After a spell working on a farm, he became a trainee reporter on the North Wales Pioneer in Colwyn Bay in 1972, although he soon left that position to take a degree in Welsh and English at Bangor University. While there he took part in an experiment in which students lived together with adults with learning difficulties in a large house in Llanfairfechan, where he met Evelyn Stevens, a fellow student who became his partner for a number of years.

After university Lloyd worked as a nursing assistant at Bryn-y-Neuadd hospital in Llanfairfechan (1978-79) before returning to journalism on a number of titles, including the Bangor and Anglesey Mail – where he worked his way up to the editorship – and then the Wrexham Mail, of which he was also editor.

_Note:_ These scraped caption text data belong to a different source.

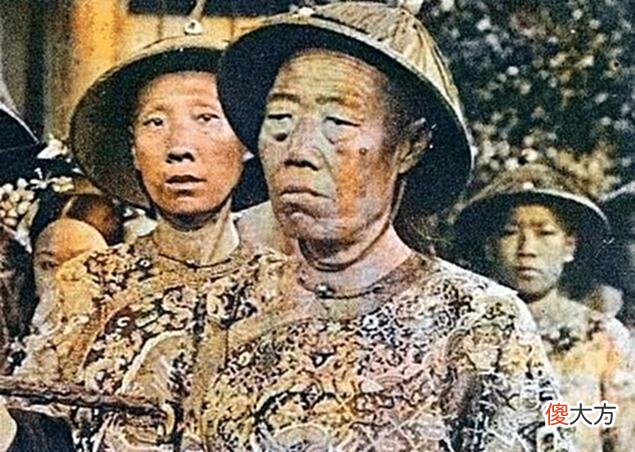【历史故事】李莲英一彩照曝光：脸上长满脓包，为何慈禧还那么信任他？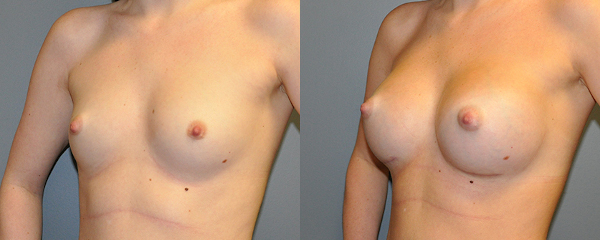 Skillful execution: Breast implant procedure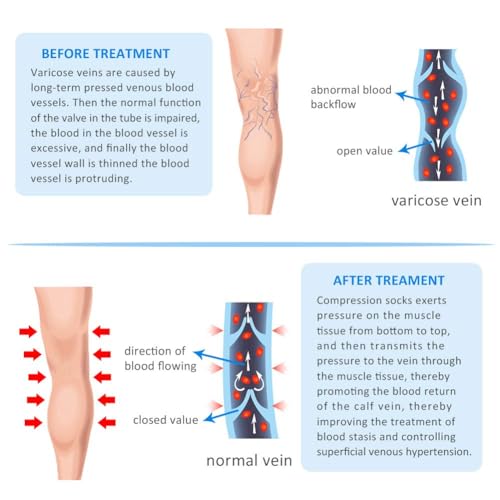 XUANSHOW 20-30mmHg Compression Pantyhose for Women, High-WaistOpaque Stockings, S/M Mix-2Pairs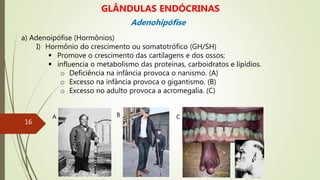 a) Adenoipófise (Hormônios)
I) Hormônio do crescimento ou somatotrófico (GH/SH)
 Promove o crescimento das cartilagens e dos ossos;
 influencia o metabolismo das proteínas, carboidratos e lipídios.
o Deficiência na infância provoca o nanismo. (A)
o Excesso na infância provoca o gigantismo. (B)
o Excesso no adulto provoca a acromegalia. (C)
A B C
GLÂNDULAS ENDÓCRINAS
Adenohipófise
16
 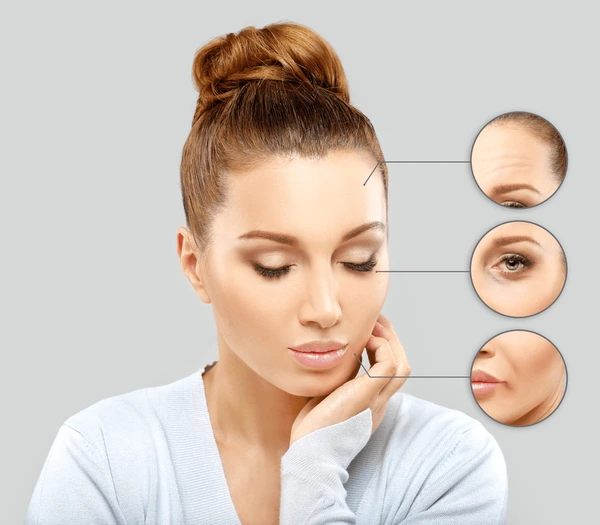 Smart Women Are Choosing Botox in Their 30s & 40s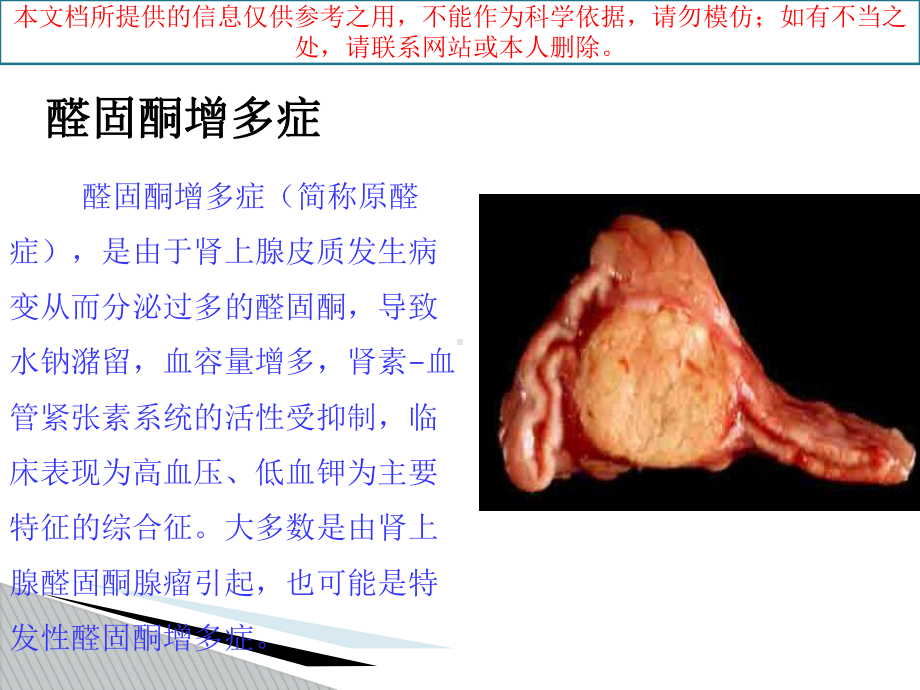 醛固酮增多症培训课件.ppt_第1页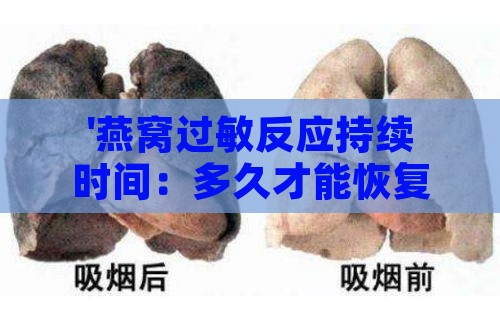 '燕窝过敏反应持续时间：多久才能恢复正常状态'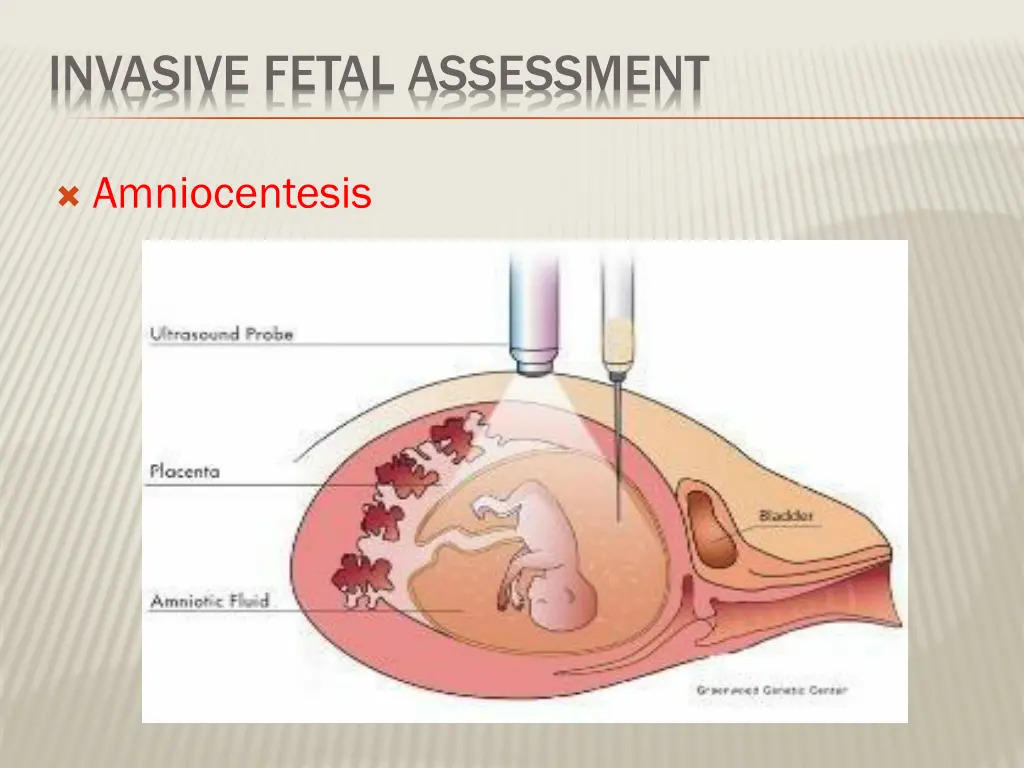 invasive fetal assessment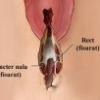 Rupturi la nivelul vaginului in timpul nasterii
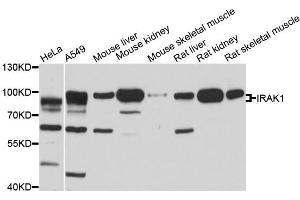 Western blot analysis of extracts of various cell lines, using IRAK1 antibody. (IRAK1 antibody)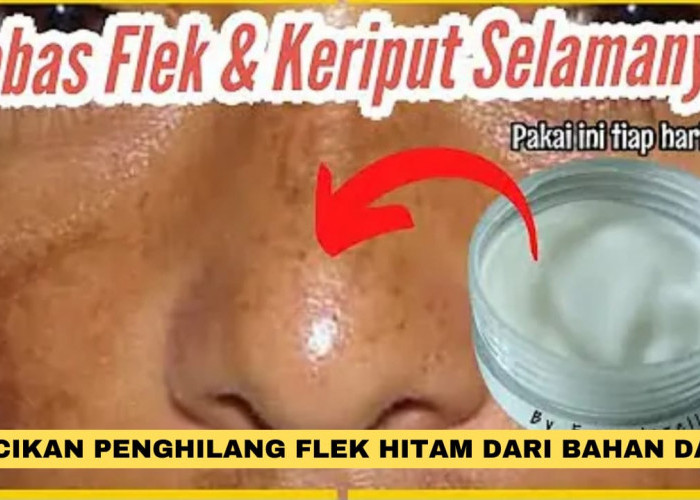 2 Racikan Cream Penghilang Flek Hitam dari Bahan Dapur, Ampuh Pudarkan Noda Hitam Kulit Langsung Glowing!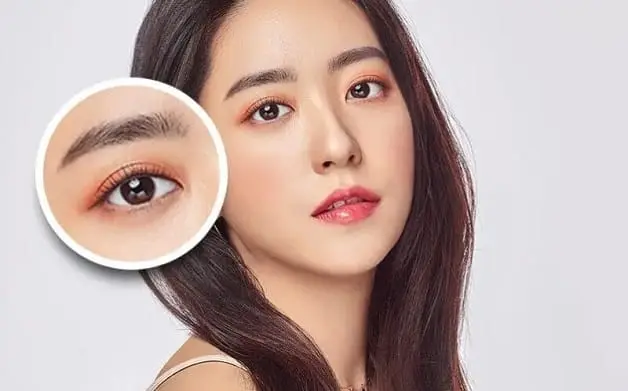 Cắt mí Eyelid có thời gian phục hồi nhanh từ 7 - 10 ngày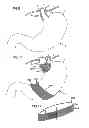 Fig. 10 - Electrode band system and methods of using the system to treat obesity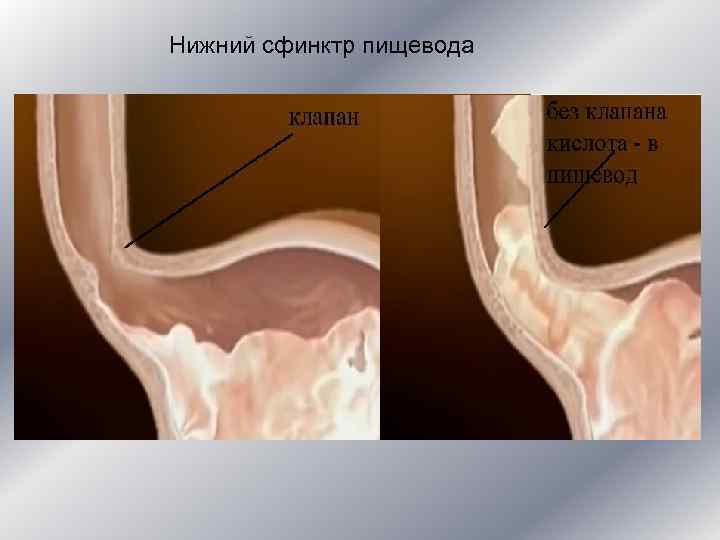 Нижний сфинктр пищевода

During that time he developed an increasing dependence on alcohol, which eventually led him to lose his job and home in 2000, followed by a period of rough sleeping. While homeless he embarked on a 1,000-mile walk around Wales that became the inspiration for Mr Vogel and helped put him back on the path to sobriety.

Alcoholism had nearly killed him, and his narrow escape from its consequences instilled in Lloyd an appreciation of the many joys of his life. Afterwards he embraced a simple and frugal existence, concentrating on his walking and writing, and did not go back to formal work, apart from a temporary post as a researcher for the BBC in Bangor.

Each of Lloyd’s first three books was written in English – the third, My First Colouring Book (2008), was a collection of short stories. His first novel in Welsh was Y Dwr (2009), and more followed in both languages, as well as poetry. An accomplished photographer, he also mounted exhibitions of his work in Machynlleth and Bangor.

Aside from writing and photography, Lloyd’s other great love was the art of moidering, the habit of stopping to chat with anyone he encountered on whatever subject came up.

He is survived by his two children, Ed and Ella, from his relationship with Evelyn, three grandchildren, Dusty, Lowen and Willow, and two siblings, Eurwen and Dafydd.